● Assigned task:
Print, exactly as they stand, the lines below from the one that has "Eladó ház Herceghalom 225 nm" to the one that has "PANDORA Disney Minnie", inclusive, leaving out the pictures.

● Dataset:
+===+
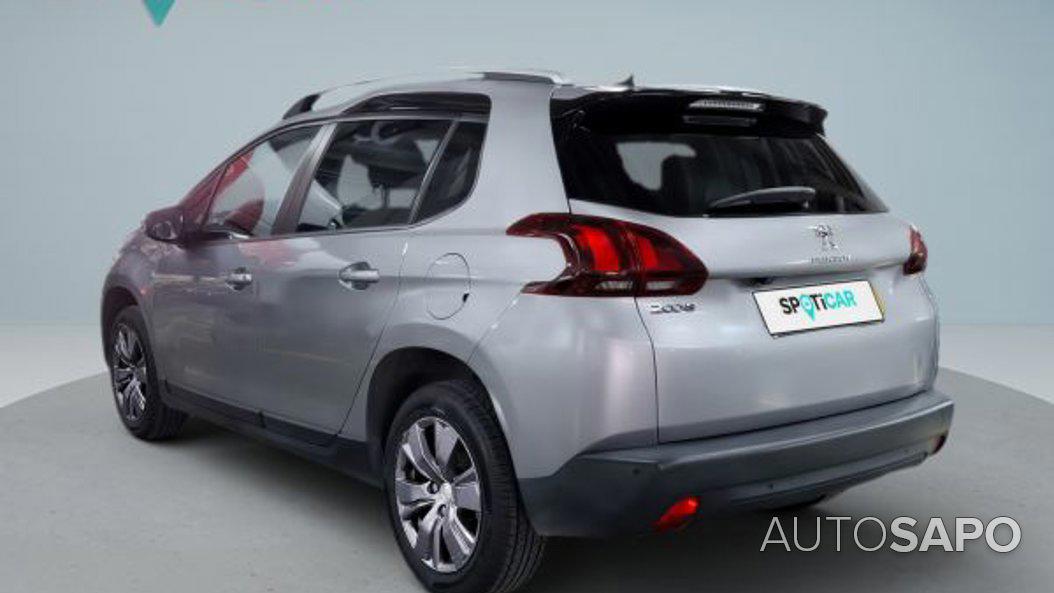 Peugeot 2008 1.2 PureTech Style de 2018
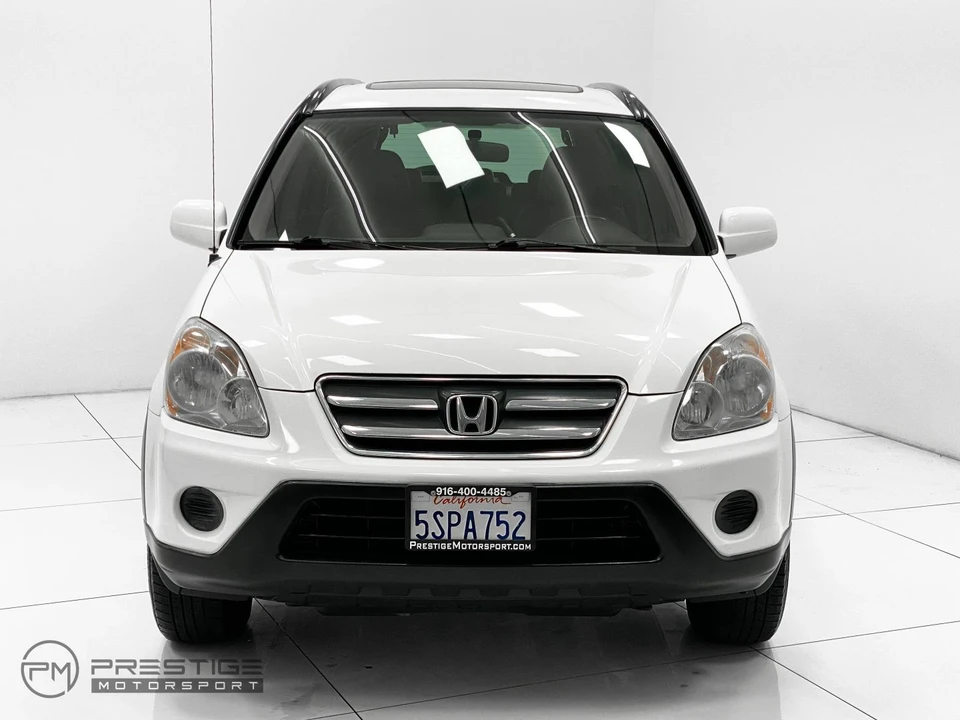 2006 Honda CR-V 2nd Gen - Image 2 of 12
+===+
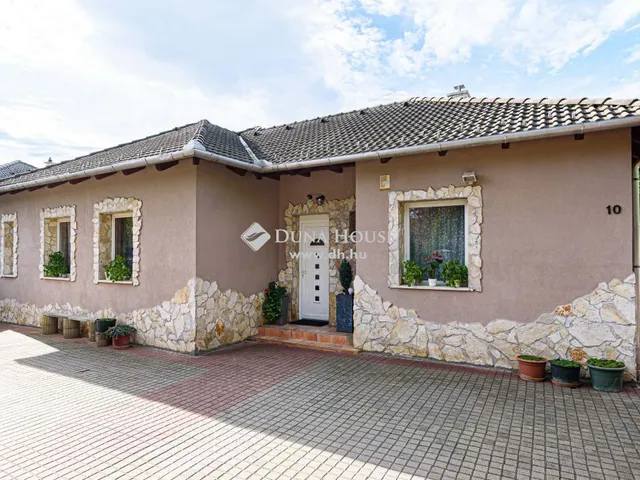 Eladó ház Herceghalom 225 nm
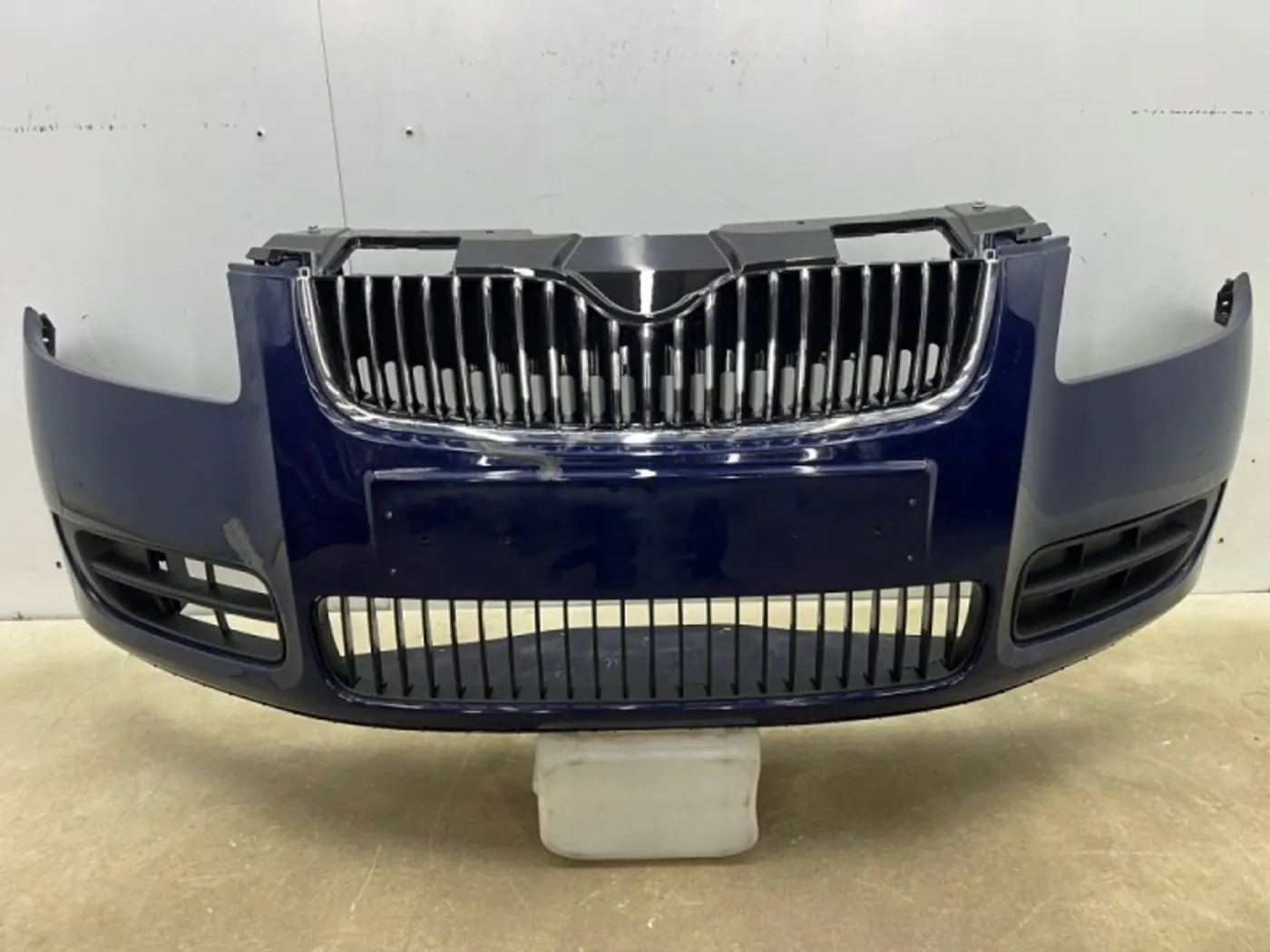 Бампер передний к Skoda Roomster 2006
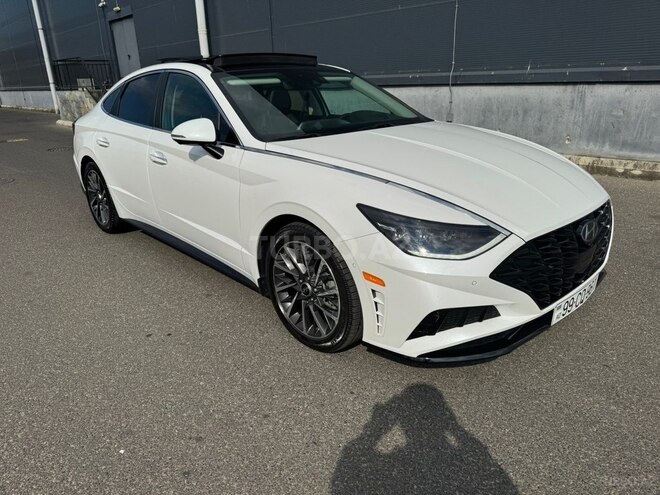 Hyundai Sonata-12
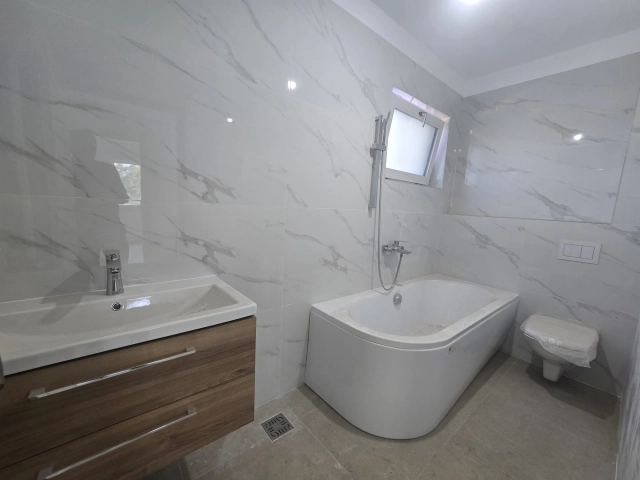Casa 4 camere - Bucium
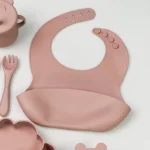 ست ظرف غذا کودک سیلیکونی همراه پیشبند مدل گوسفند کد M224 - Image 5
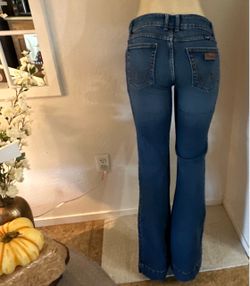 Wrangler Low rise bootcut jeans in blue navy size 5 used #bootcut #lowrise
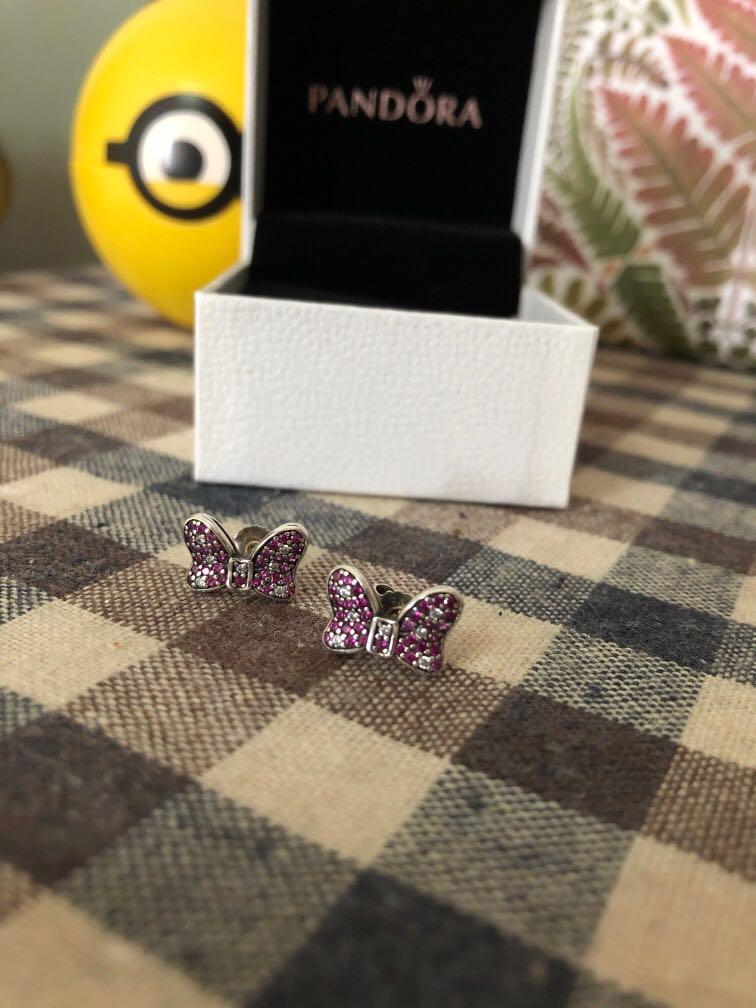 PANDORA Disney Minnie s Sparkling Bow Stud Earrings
+===+
● Answer below:
 Eladó ház Herceghalom 225 nm
 Бампер передний к Skoda Roomster 2006
 Hyundai Sonata-12
Casa 4 camere - Bucium
 ست ظرف غذا کودک سیلیکونی همراه پیشبند مدل گوسفند کد M224 - Image 5
 Wrangler Low rise bootcut jeans in blue navy size 5 used #bootcut #lowrise
 PANDORA Disney Minnie s Sparkling Bow Stud Earrings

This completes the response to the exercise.